2 cups buttermilk self-rising white cornmeal mix 

1/2 cup all-purpose flour 

1/4 cup butter, melted 

1 large egg, lightly beaten 

2 cups buttermilk 

1) Heat a well-greased ovenproof skillet at 450 degrees for 5 minutes. 2) Stir together all ingredients in a bowl. Pour batter into hot (cast iron) skillet. 3) Bake at 450 degrees for 20 minutes or until golden brown. Makes 6 servings, one 9-inch cornbread or about 5 cups crumbled. 

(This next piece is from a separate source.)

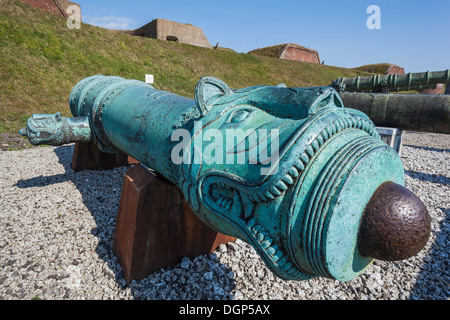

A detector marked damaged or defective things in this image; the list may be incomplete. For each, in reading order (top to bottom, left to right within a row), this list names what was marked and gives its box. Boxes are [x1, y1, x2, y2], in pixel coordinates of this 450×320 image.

rusty muzzle tip [356, 181, 430, 262]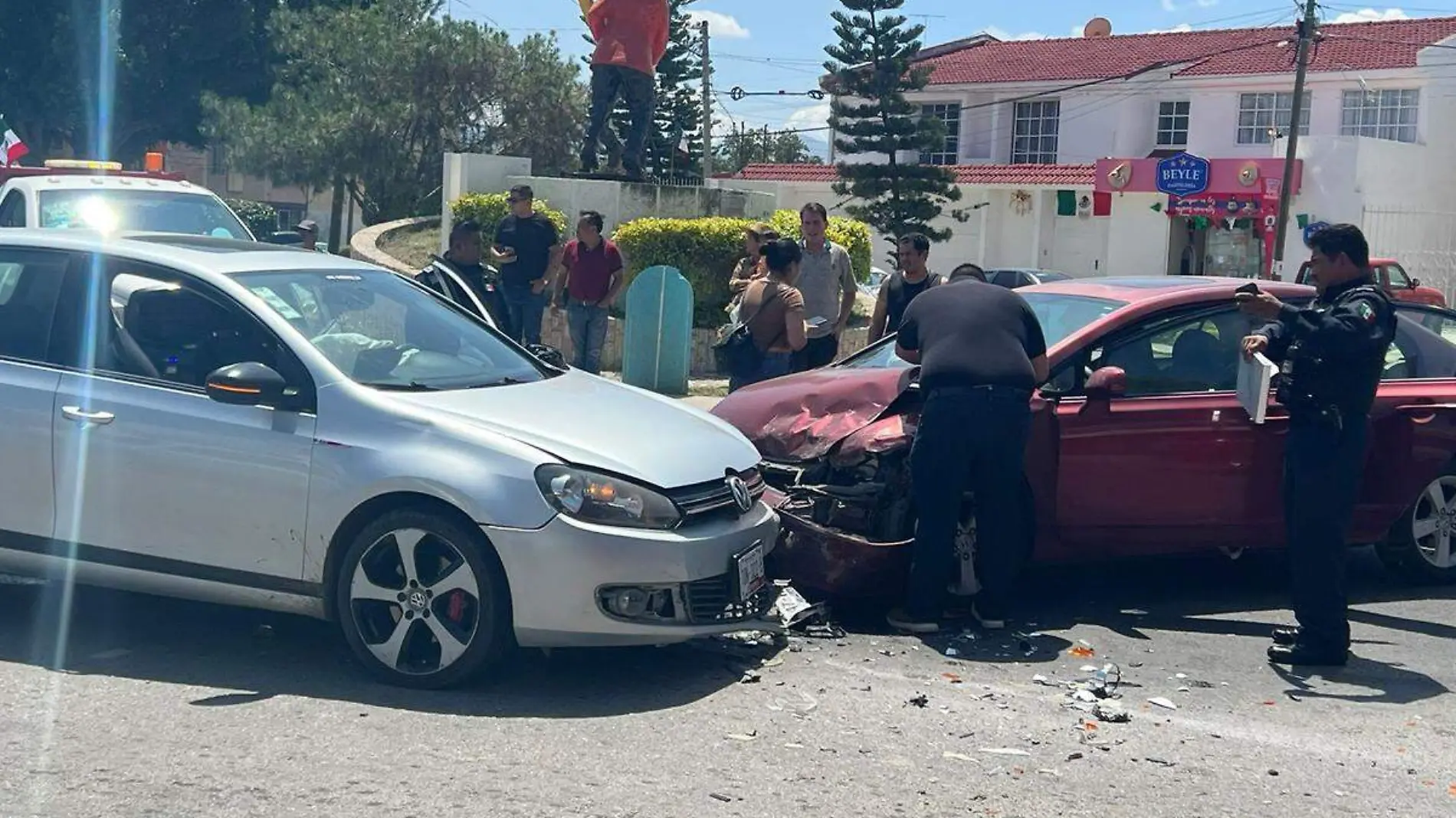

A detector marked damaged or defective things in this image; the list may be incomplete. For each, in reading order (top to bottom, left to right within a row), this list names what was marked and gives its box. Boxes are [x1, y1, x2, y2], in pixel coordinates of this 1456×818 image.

crumpled car hood [707, 368, 908, 463]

VIOLET OSBORN’S ORANGE-NUT CAKE 

Recipe from Stew-Pot  

Favorites of Zellwood 

Woman’s Society of Christian  

Service, Zellwood, Florida 

1 large orange 

1 cup raisins 

1/2 cup pecans 

1 cups sifted flour 

1 teaspoon soda 

1 teaspoon salt 

1 cup sugar 

1/2 cup shortening 

1 cup milk 

2 eggs 

Grind orange pulp and rind with raisins and pecans. Save orange juice for topping. Sift together the flour, soda, salt, and sugar. Add shortening and 3/4-cup milk. Beat two minutes with electric mixer at low speed. Add eggs and 1/4-cup of milk. Beat two minutes. Fold orange-raisin-nut mixture into the batter. Pour into well-greased and lightly floured 13 x 9 x 2-inch pan. Bake in 350-degree oven for 40 to 50 minutes. While cake is baking, combine 1/3-cup orange juice, 1/3-cup sugar, and 1 teaspoon cinnamon. Heat to completely dissolve sugar and cinnamon. Drip this mixture over the warm cake. Sprinkle with 1/2-cup chopped pecans.